[Cryptech Tech] Short note on the current FPGA activities

Joachim Strömbergson joachim at secworks.se
Sun Jan 25 19:52:41 UTC 2015


-----BEGIN PGP SIGNED MESSAGE-----
Hash: SHA256

Aloha!

Thanks for your mail Pavel, very interesting and good ideas. I add
comments below.


Шатов Павел wrote:
> Hello, Joachim! I have a suggestion on how to organize the clock
> network inside of an FPGA in our project. I've attached a picture for
> it to be more clear, please take a look. My suggestion is to separate
> the EIM interface from other parts of our design using either a pair
> of FIFOs or a dual-port RAM.

Yes, this is basically what I'm aiming for too. I would probably use
shallow FIFOs rather than dual port memories, chiefly because (I think)
it would be easier to port between FPGA vendor devices as well as
simulate. But I might be wrong and are happy to be proven so.

I've been looking at clocking the cores with bclock/2 (66 MHz) that is i
phase with bclock. This makes it fairly easy to do clock domain
crossing. I wasn't able to reduce the bclock based on the suggestions by
Bunnie or reading the (extensive and somewhat confusing) documentation
for the i.MX6.

But one thing I don't like with the bclock and why I think your solution
is better is that bclock is not running until you start accessing
something via EIM. This means that the cores are basically dead until
that happens.

I think that we at least want to have parts of our cores running as soon
as the device has been configured. Things like key handling, random
number generation etc. But I think it is easier to just having the whole
Cryptech FPGA system running. And then having commands appear and
handled whenever on the EIM interface.

The CLK2 is running at 50 MHz and I don't see any reasons to use a
slower clock than that for clocking our cores. All cores we have today
runs at much higher frequencies in Spartan6. Thus 50 MHz will give us
fairly good performance as well as fairly relaxed timing constraints to
make it easy to meet timing in the devices. For external interfaces
(external key storage for example) we may need other clocks, but those
are special cases.


> I don't understand bunnie's original design with 8(!) BUFGs and TIG
> constraints. Do you understand his timing closure? Floorplanning at
> 133 MHz seems to be an overkill and why are there no IODELAY2
> primitives? I suggest that we rework his design, because having two
> independent clock domains will allow EIM arbiter to run at BCLK 
> frequency and the rest of the logic to run at any other arbitrary
> frequency (not necessarily BCLK or BCLK/2).

No, I don't understand his clock implementation strategy. So far I've
tried to work within his design and not redo it. (Change what we need,
fix blatant errors and leave the rest untouched.) But if you feel
comfortable redesigning and simplifying the EIM clock implementation I
think not only we would be happy and benefit from it. The current
implementation looks very constrainedm, but I assumed the reason was
board timing and requirements from the i.MX6.

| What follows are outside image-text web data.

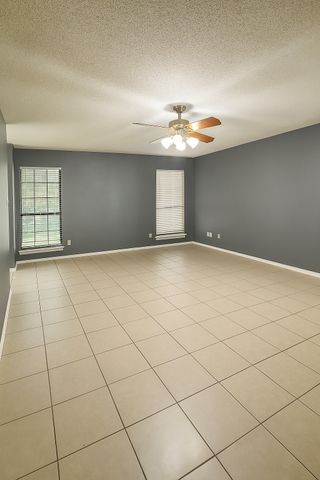 202 Modene Avenue, Waxahachie, TX 75165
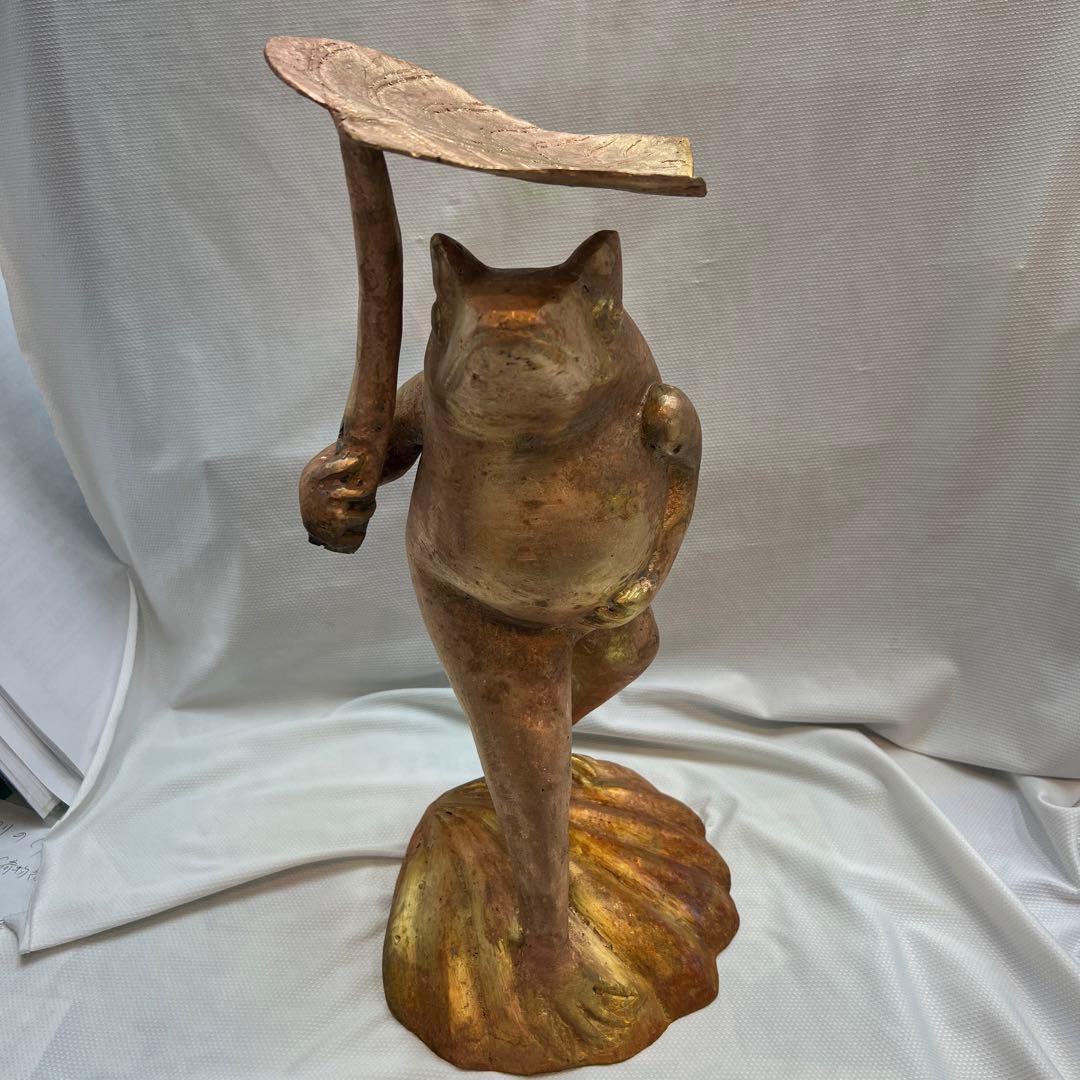 カエル（蛙）が葉っぱの傘を持ってる真鍮の置物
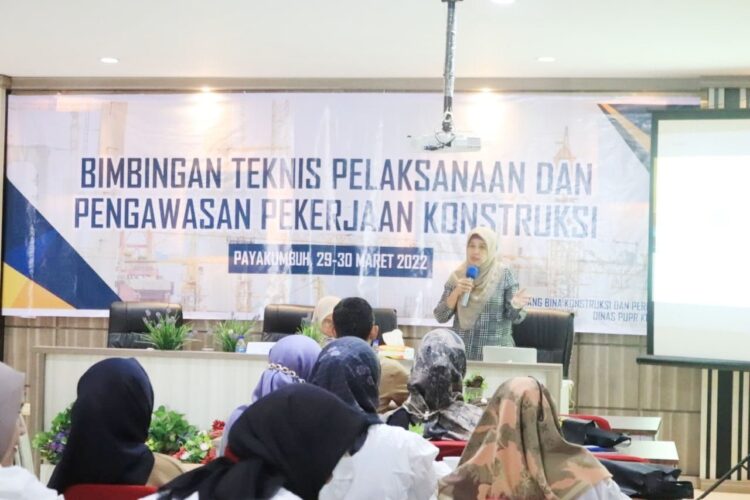 NARASUMBER—Salah seorang narasumber dalam kegiatan Bimtek Dinas PUPR Payakumbuh.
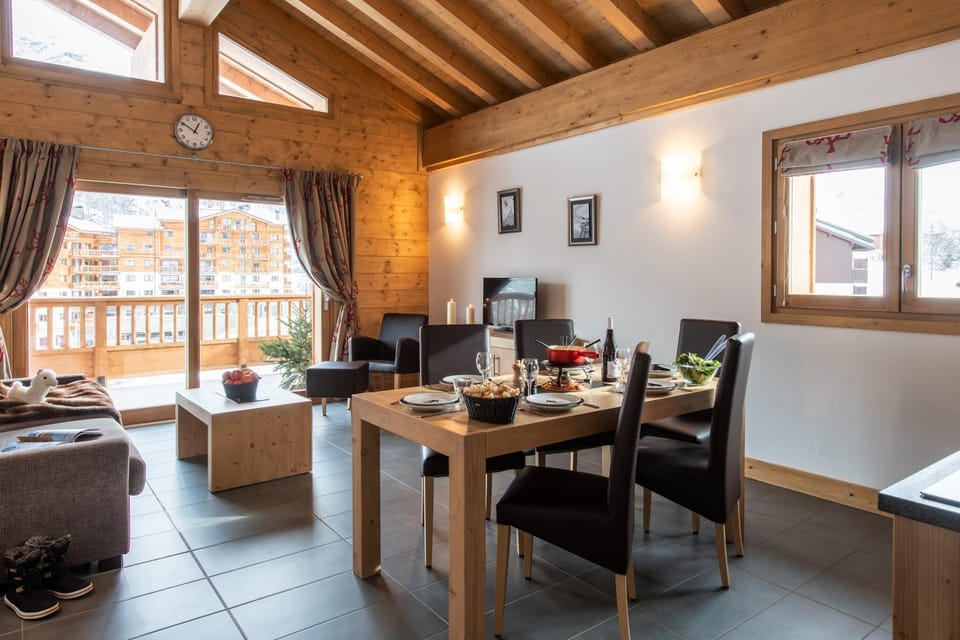 Living room, Dining area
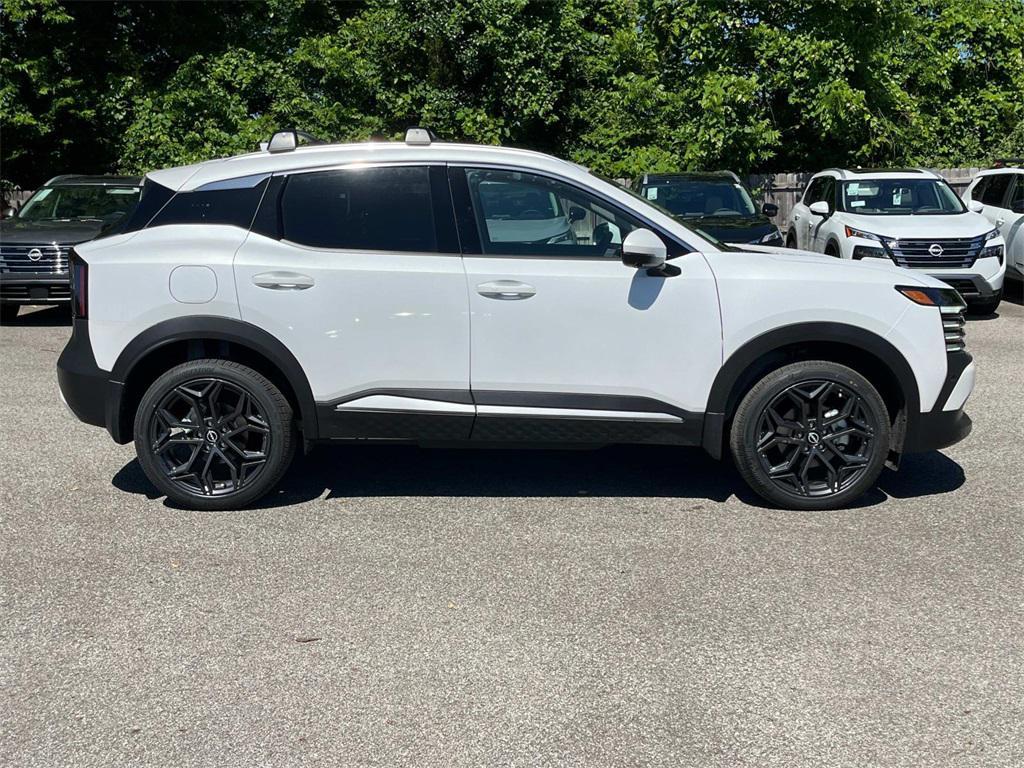 new 2025 Nissan Kicks car, priced at $26,281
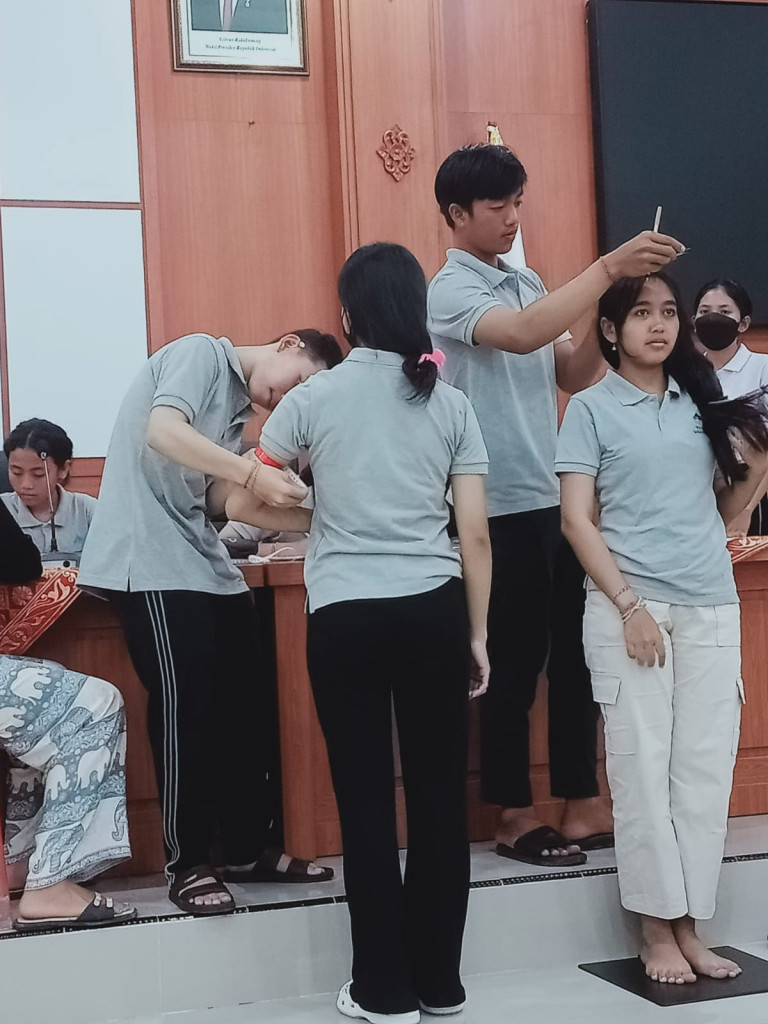 KEGIATAN POSYANDU REMAJA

Randy: Is it ok to have Pavel do this?
I think it sounds like a good approach.

As you may see from my work code I've at least pushed the EIM into a
separate submodule. I suggest we do that no matter if we redesign the
whole EIM clock and I/O structure or not.

And I think we should decide on having two clock domains where CLK2 is
the one driving our cores.


> setup_fpga() that you call rubber chicken voodoo. I find bunnie's
> original code with all these memcpy(0xDEADBEEF, 0xHEXVALUE) very
> difficult to debug. Have you figured out what mode is used in his
> code? Sync or async? I've created C header with all the EIM-related
> registers and corresponding bitmaps. How can I upload it to the
> repository btw? Do I need some special write permission or
> something?

No, I have not been able to properly figured it out. I've once again
tried to trust Bunnie as much as possible since they do have things
working in the FPGA and accessible from the CPU. So I've tried to just
change what I need to try and lower the bclk from 133 MHz to something
more manageable.

But if you have done a cleanup of that code it sounds really good. Can
you run the bunnie FPGA designs with your code? I.e, do you have a
working baseline (what I try to establish.)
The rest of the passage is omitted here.